EHA 2021 | Update on the Phase I/II BRUIN study

We’re excited to share our data from the Phase I/II BRUIN study, which uses a novel BTK inhibitor, LOXO-305, and this is a non-covalent highly potent BTK inhibitor. So, there’s a different mechanism of action than the irreversible and covalent inhibitors that are currently marketed.

The advantage of this agent was clearly seen through the BRUIN trial, where we saw efficacy in patients who had failed prior covalent BTK inhibitors and saw what I would really describe as an exceptional safety signal.
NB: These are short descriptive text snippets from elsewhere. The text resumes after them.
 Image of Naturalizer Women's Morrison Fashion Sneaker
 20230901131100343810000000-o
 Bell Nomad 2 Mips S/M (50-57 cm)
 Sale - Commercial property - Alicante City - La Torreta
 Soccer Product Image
Very few grade three to four events, very low, basically not even remarkable rates of atrial fibrillation. And it goes to show that this highly selective non-covalent inhibitor has the potential to be maybe a best-in-class BTK inhibitor, by overcoming some of the limitations of what is currently available.
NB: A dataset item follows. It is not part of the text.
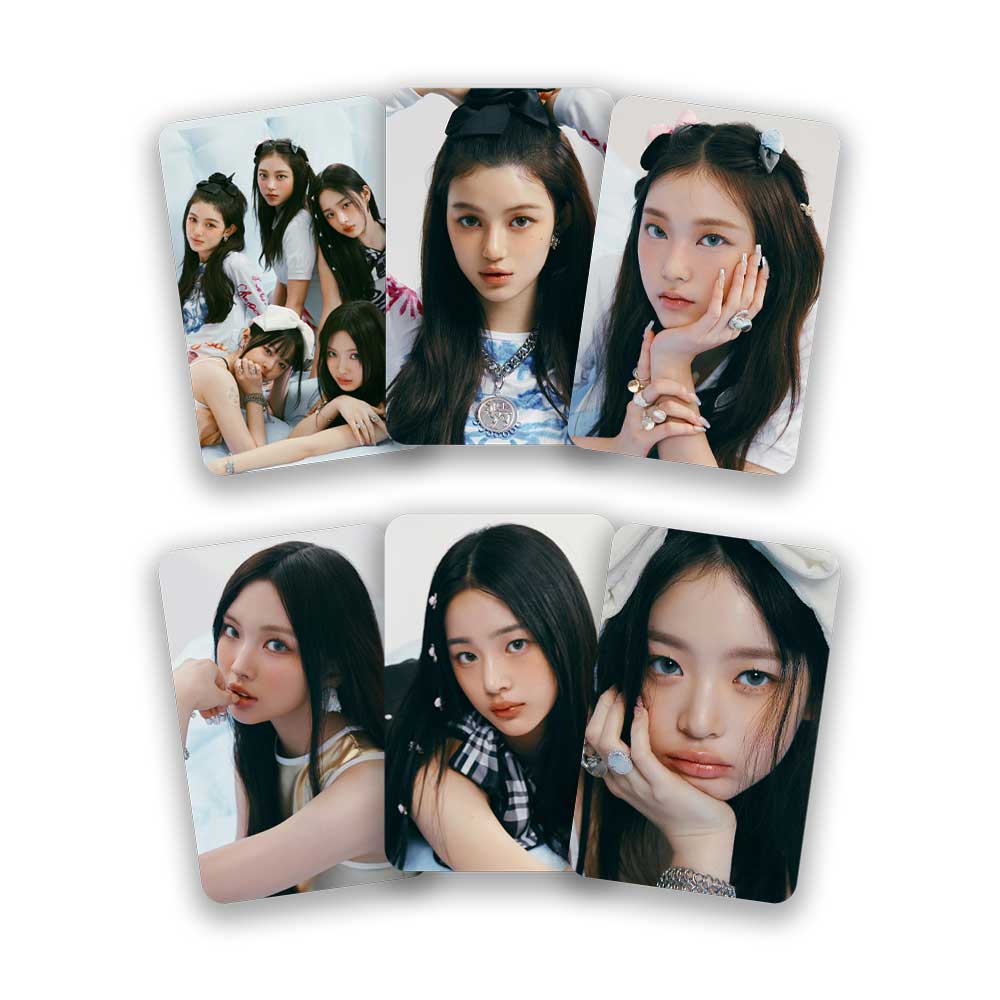 ds_photocards_newjeans_supershy_frente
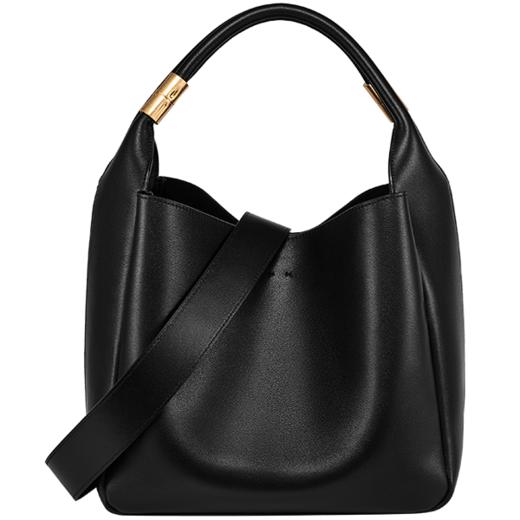 823401600260 迪桑娜DISSONA 闲趣东方系列菜篮子包单肩斜挎包手提包手拎包 商品图0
The data that we presented in the poster was looking specifically at the patients with non-Hodgkin lymphoma, and what we saw was efficacy sort of across the board. We saw efficacy, you know, in mantle cell, which was the largest cohort of patients, which obviously makes sense, you know, given the BTK inhibitors are quite effective.

But we also saw efficacy in Richter’s transformation. There’s a dedicated abstract for that that’s been presented at other meetings. We also saw efficacy in follicular lymphoma and some efficacy in diffuse large B-cell lymphoma. Specifically in the mantle cell cohort, about, approximately 50% of people responded, and the majority of them had prior BTK exposure, which is key for this drug, in that it does work in patients who are exposed to prior BTK inhibitors.